• COLLECTED MATERIAL:
┄┄┄┄┄┄┄┄┄┄

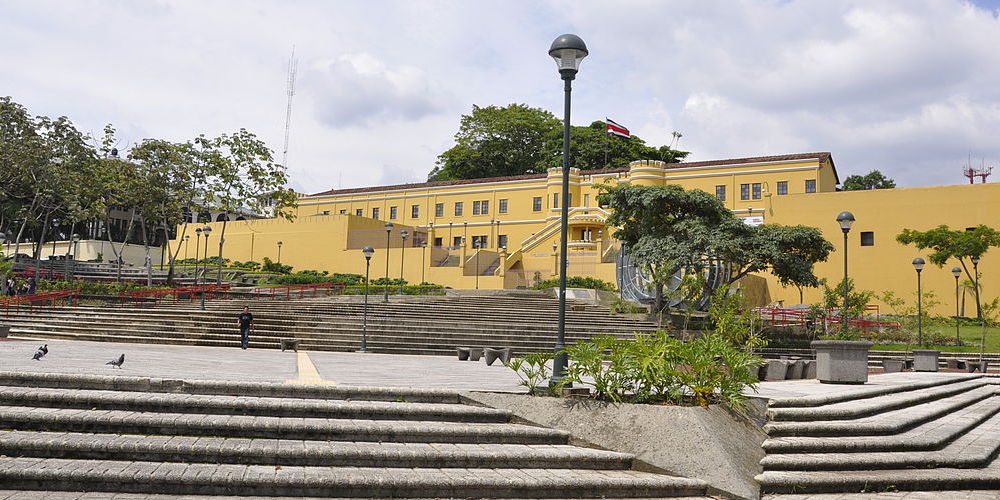 12 de abril: Gabriel Ben Tasgal nos cuenta parte del éxito del pueblo israelí y nos da una visión de nuestro país a través de sus ojos, una entrevista refrescante y un poco atrevida.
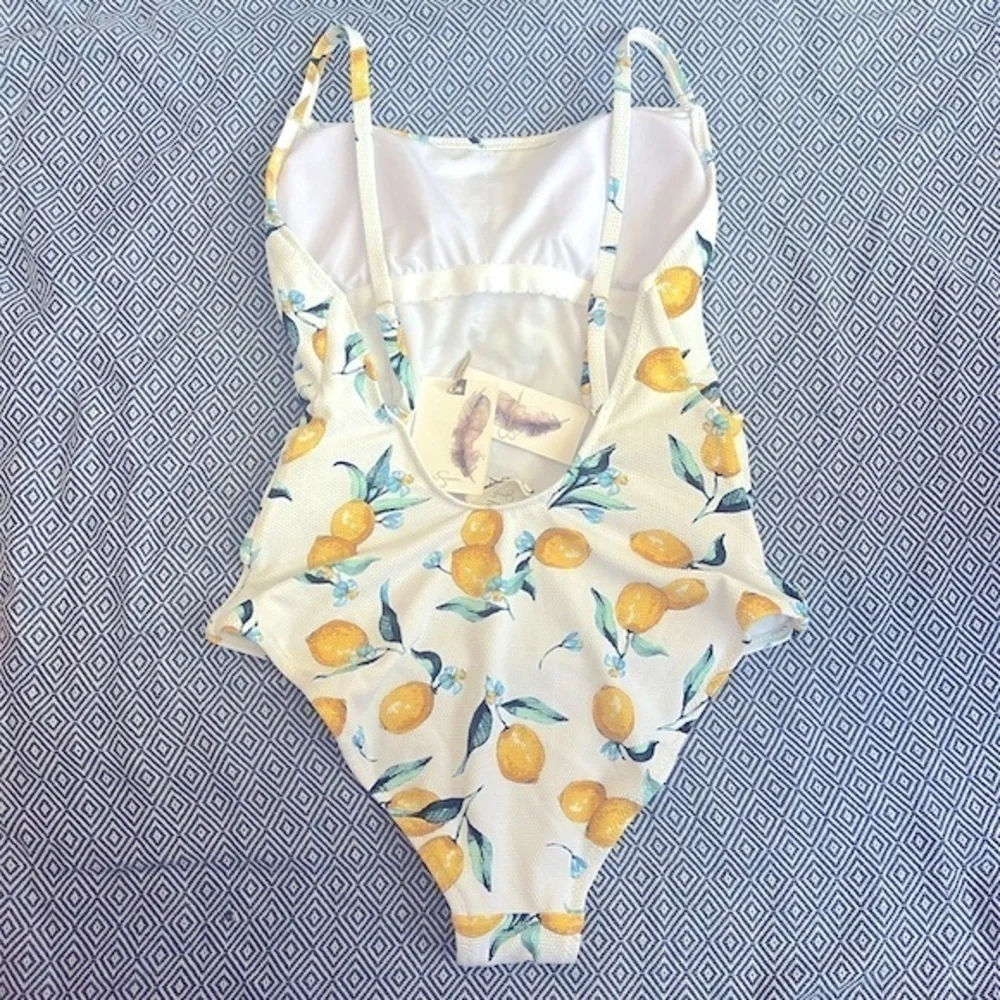 Brand New Jessica Simpson Lemons Printed Tie-Waist One-Piece Swimsuit Bra Cups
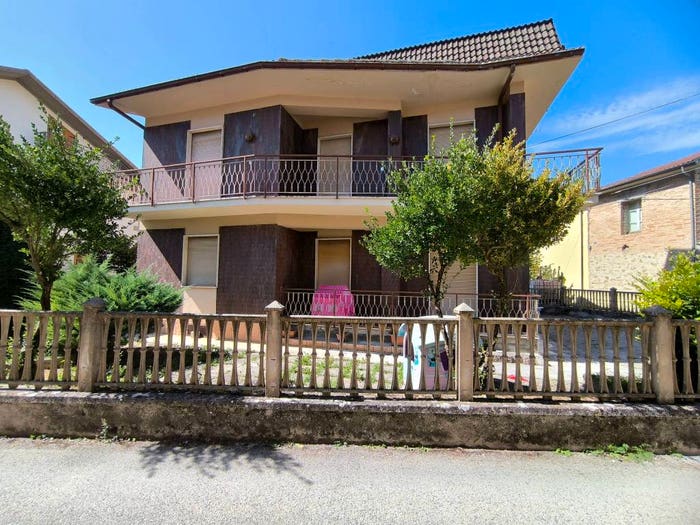 Casa con 5 locali in vendita in Via degli Angeli, Marana, Montereale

┄┄┄┄┄┄┄┄┄┄

• EXERCISE: From the line with "Brand New Jessica" to the last line of the material, both inclusive, set down every line exactly and nothing else; omit pictures.

• RESULT OF THE EXERCISE:
 Brand New Jessica Simpson Lemons Printed Tie-Waist One-Piece Swimsuit Bra Cups
 Casa con 5 locali in vendita in Via degli Angeli, Marana, Montereale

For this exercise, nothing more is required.